> [What you will do] An exact copy of all the data is required, with pictures left out.

> [Supplied information]
---+---

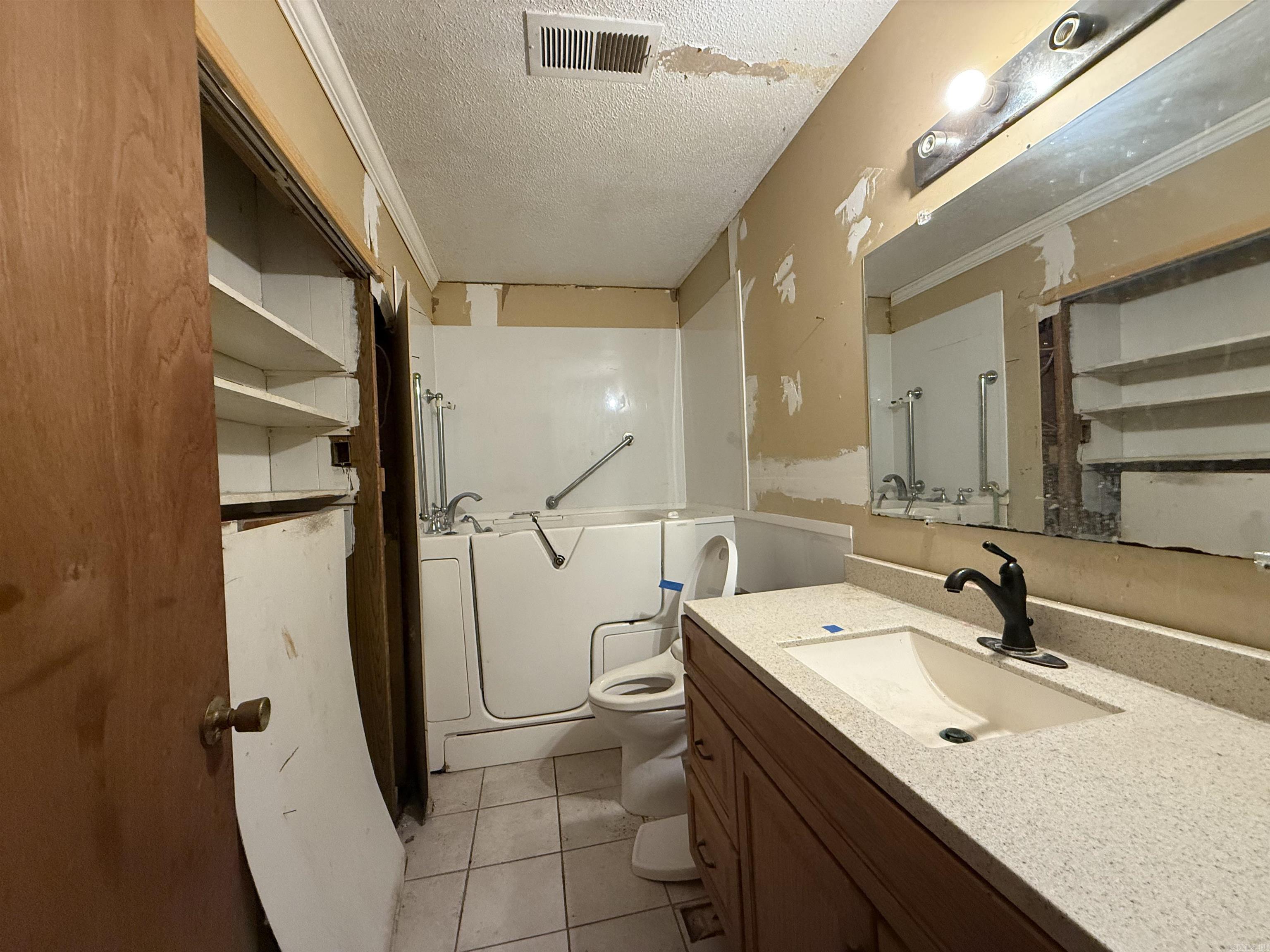 2136 Sycamore  Forrest City, AR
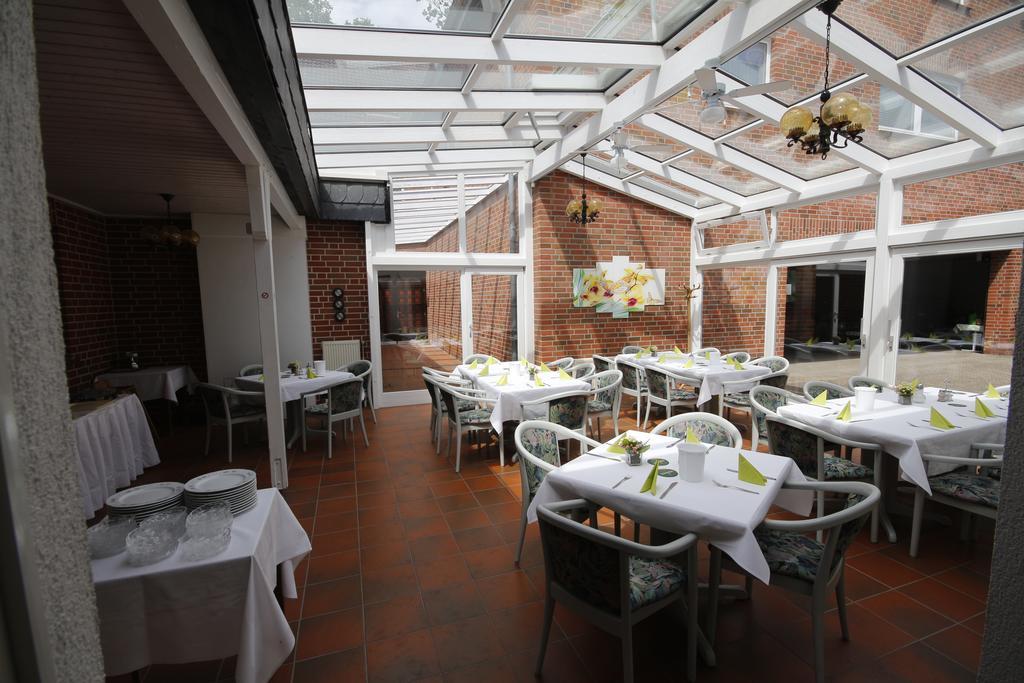 Hotel Restaurant Zum Jaegerheim Wendeburg エクステリア 写真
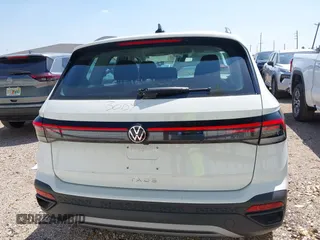 2025 Volkswagen Taos z VIN 3VV5C7B23SM008129, wystawiony jako IAAI lot #41879531 z przebiegiem 3423 mil mil oraz . Historia ofert i sprzedaży dostępna na DreamBid. Obrazek 16.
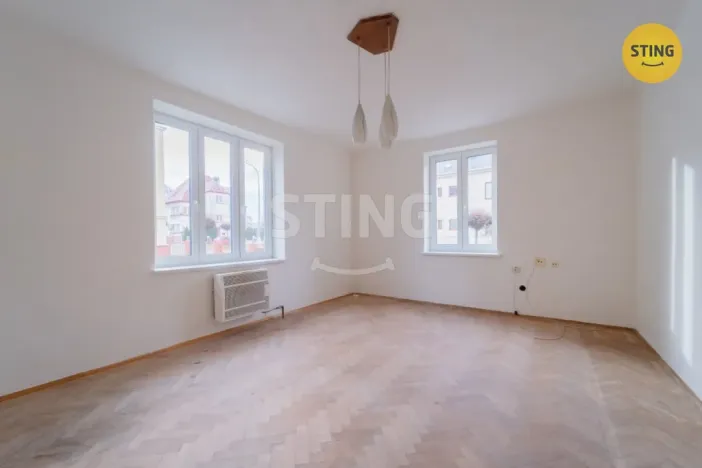 Prodej bytu 2+1, Opava, Hobzíkova, 68 m2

---+---

> [Response below]
 2136 Sycamore  Forrest City, AR
 Hotel Restaurant Zum Jaegerheim Wendeburg エクステリア 写真
 2025 Volkswagen Taos z VIN 3VV5C7B23SM008129, wystawiony jako IAAI lot #41879531 z przebiegiem 3423 mil mil oraz . Historia ofert i sprzedaży dostępna na DreamBid. Obrazek 16.
 Prodej bytu 2+1, Opava, Hobzíkova, 68 m2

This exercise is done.